A Quantitative Study: The Relationship Between Managers' Emotional Intelligence Awareness and Demographics and Leadership Styles

A Quantitative Study: The Relationship Between Managers' Emotional Intelligence Awareness and Demographics and Leadership Styles

Author: 
Marisela Jiménez
Program of study: 
D.M.
Abstract: 
This quantitative correlational study was conducted to examine if a possible relationship existed between managers’ emotional intelligence awareness and two leadership styles (transformational and transactional), and demographics (age, gender, and level of education). The study was completed using a population of 180 managers from a nonprofit company located in the state of Texas in the United States. The emotional intelligence construct and leadership theory were involved, representing the theoretical lens and framework in the research study. Participants’ emotional intelligence awareness was assessed with the Emotional Quotient Inventory (EQi 2.0) assessment. Participants’ leadership styles were assessed with the Multifactor Leadership Questionnaire (MLQ 5X). Data collected was analyzed using multiple linear regression and Pearson correlational model to assess if a relationship existed between managers’ two leadership styles and the demographics. The application of multiple regression served to assess if managers’ emotional intelligence awareness predicted transformational and transactional leadership styles when controlled by the demographics from sub research questions one and two. No relationship was found between the leadership styles and the demographics. The results showed a positive relationship between emotional intelligence and the transformational leadership style; no relationship was found between the emotional intelligence construct and the transactional leadership style.

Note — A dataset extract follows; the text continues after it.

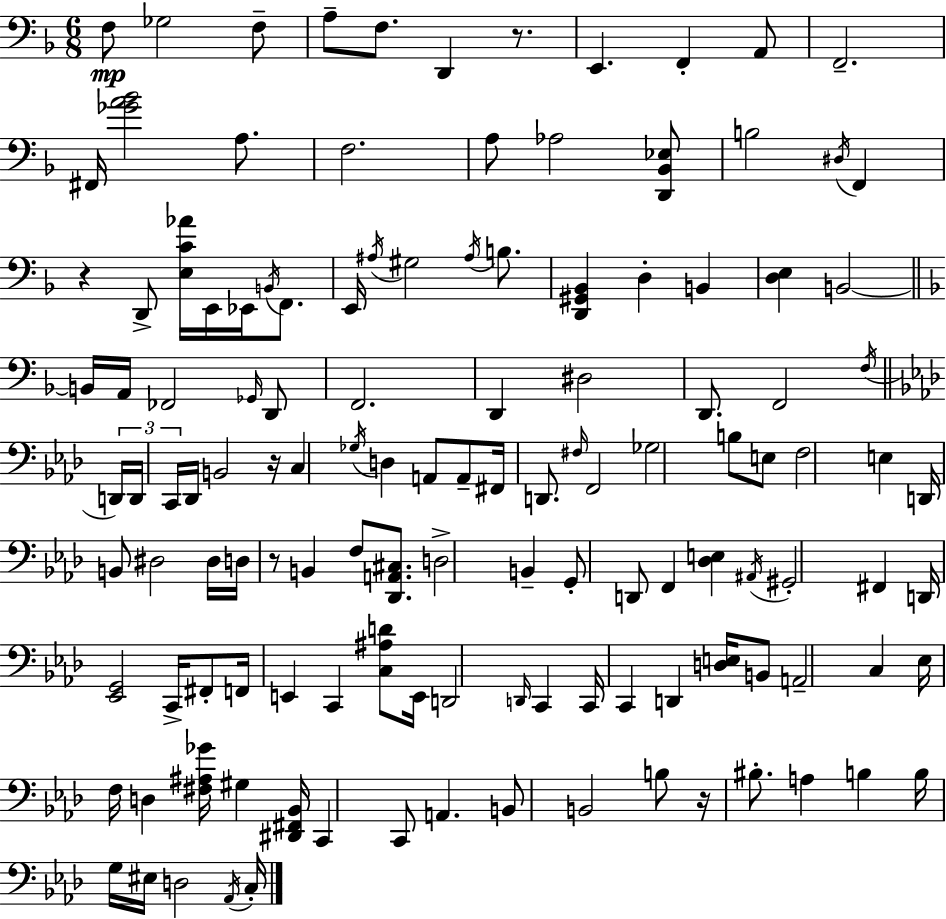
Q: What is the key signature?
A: F major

The findings of this research study may be generalized to industries undergoing organizational change and may be of benefit to managers to identify and apply emotional intelligence awareness and transformational leadership style to engender organizational performance during the implementation of change initiatives.
Dedication: 
I am grateful to my Divine Creator for the strength during this rigorous journey in which much was sacrificed. This Dissertation is dedicated to my aunt Aurora Patiño who expressed her tender love, patience, and healing touch during my childhood. I am forever grateful with my parents, Tomas and Teresa Jiménez, for having reconciled and given me the opportunity to shift our family’s cycle of life that led to my pursuit of this doctoral degree. I also dedicate this Dissertation to my brother Luis and my sister Anavelia, and my nieces and nephews. I dedicate this Dissertation to my professors for sharing their knowledge and for empowering me to reach higher levels of critical thinking. This Dissertation is dedicated to all the past and present people in my life. I want to acknowledge one man who helped me, and although he is not in my life anymore, I am grateful for his contribution and leadership. Particularly, I am grateful with one leader who selflessly helped me to accomplish some of the most challenging processes of my doctoral journey and who supported me in times of great distress (Thank you, Mr. J.R. Gonzales).
Acknowledgements: 
I want to express my gratitude and acknowledge the following persons who have been incredibly supportive in helping me to accomplish my doctoral journey. I thank my mentor Dr. Lionel de Souza, and my committee members Dr. Lisa H. Cree and Dr. James Cunningham; your guidance and encouragement helped me to overcome many challenging moments, and without your patience and insight, I would had encountered many closed doors, yet you helped me to open my mind and to see opportunities amidst chaos and limitations. Thank you!